I’ve heard it said, “Justice is getting what you deserve. Mercy is NOT getting what you deserve. Grace is getting what you don’t deserve.” So how do we square the circle of God being perfect in justice, mercy, and grace?
Let’s pretend you’re standing before a judge. You’ve killed someone. The exact circumstances don’t matter for this example. To give perfect justice would put you behind bars for the rest of your life. Some states still have the death penalty.
I’ve also heard it said, “Justice is wonderful when given to someone else.” We, of course, don’t want justice when we’re the ones in the wrong. So we don’t want justice in the above example.
Let’s change that example. You’re in a courtroom, watching the judge pass sentence on the person who killed someone you love.
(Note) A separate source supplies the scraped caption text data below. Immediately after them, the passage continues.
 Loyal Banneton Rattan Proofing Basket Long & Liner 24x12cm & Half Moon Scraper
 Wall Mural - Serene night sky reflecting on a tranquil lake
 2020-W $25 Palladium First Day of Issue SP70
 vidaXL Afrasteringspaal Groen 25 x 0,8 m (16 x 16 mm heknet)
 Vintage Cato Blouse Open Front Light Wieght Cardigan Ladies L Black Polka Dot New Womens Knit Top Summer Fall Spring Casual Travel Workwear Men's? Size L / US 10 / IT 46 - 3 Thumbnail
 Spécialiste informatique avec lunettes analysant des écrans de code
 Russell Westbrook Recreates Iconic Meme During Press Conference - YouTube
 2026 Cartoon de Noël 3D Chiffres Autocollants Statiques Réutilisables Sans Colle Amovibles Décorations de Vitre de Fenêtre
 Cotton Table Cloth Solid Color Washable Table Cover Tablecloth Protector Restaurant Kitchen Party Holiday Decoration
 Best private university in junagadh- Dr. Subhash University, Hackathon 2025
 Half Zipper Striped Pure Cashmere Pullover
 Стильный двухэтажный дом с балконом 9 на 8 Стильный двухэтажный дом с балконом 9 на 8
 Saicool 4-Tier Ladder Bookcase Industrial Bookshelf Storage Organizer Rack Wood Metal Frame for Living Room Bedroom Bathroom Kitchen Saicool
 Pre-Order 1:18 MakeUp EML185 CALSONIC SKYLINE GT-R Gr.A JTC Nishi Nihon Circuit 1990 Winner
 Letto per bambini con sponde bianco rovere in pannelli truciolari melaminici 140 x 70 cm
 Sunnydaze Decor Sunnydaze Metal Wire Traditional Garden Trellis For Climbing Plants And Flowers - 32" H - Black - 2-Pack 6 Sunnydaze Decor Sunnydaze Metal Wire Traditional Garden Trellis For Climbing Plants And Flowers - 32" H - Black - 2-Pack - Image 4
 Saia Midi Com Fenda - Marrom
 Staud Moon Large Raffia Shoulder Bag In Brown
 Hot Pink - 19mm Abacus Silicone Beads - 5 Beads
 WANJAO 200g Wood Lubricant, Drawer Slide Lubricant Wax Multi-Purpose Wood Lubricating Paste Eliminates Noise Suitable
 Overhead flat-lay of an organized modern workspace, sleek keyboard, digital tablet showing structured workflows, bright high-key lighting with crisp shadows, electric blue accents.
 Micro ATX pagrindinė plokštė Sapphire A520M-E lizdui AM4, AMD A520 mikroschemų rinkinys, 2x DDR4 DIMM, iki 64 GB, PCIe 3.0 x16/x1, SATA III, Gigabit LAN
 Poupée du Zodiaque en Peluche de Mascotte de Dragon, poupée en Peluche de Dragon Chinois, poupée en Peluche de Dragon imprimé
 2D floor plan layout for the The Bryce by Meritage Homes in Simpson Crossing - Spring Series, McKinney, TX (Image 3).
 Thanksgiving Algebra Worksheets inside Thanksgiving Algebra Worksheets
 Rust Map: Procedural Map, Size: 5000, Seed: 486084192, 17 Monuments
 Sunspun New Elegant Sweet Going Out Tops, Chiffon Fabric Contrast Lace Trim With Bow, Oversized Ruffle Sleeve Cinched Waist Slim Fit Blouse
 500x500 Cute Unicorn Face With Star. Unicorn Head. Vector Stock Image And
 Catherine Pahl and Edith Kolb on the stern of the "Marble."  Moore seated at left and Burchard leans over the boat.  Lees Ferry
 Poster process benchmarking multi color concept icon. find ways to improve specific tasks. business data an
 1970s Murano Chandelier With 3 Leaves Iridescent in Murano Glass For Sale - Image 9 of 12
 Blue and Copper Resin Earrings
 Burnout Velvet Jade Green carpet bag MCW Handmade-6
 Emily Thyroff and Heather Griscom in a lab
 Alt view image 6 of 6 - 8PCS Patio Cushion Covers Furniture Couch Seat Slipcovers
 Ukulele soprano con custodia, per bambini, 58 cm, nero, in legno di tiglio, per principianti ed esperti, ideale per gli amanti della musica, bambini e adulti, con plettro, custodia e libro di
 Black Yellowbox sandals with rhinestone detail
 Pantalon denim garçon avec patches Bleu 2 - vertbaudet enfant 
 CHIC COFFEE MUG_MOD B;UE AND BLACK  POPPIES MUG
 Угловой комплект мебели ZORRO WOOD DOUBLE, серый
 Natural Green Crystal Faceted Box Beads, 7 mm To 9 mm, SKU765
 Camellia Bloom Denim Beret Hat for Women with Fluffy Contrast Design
Perfect mercy would demand they be released without punishment. Do you want perfect mercy?
Perfect justice demands punishment for crimes. Perfect mercy demands absolution. In God we get both.
Back in the Old Testament, when Adam and Eve were given animal skins to cover themselves, God implemented a system of substitutional sacrifice. The animals paid the price to cover sin.
The sin was pride, in that Adam and Eve ate the forbidden fruit so they could be like God. They even tried to cover themselves with fig leaves. It didn’t work. God provided the covering, even back then.
Generations passed, and the sacrifices were codified into law. “These sacrifices for those things on such days.” I won’t go into that. It’s very complex. But each and every sacrifice was simply to cover the sin, not to eliminate it.
Perfect justice demands payment. God said that Adam and Eve would surely die if they ate the forbidden fruit. After sin entered the world, we couldn’t help but to put ourselves in God’s place, determining what’s good and what’s evil. And the wages of that sin is death.
Perfect justice demands we all die.
Along comes Jesus.
Using the substitutional model put in place by God, someone else could pay the price for our sins. In order to pay that full price, not just cover up, that sacrifice had to be perfect. Jesus lived the perfect life, exactly as God wants US to live.
He died the way we deserve (perfect justice) so we can live the life He deserved (perfect mercy).
And that’s all possible by His perfect grace.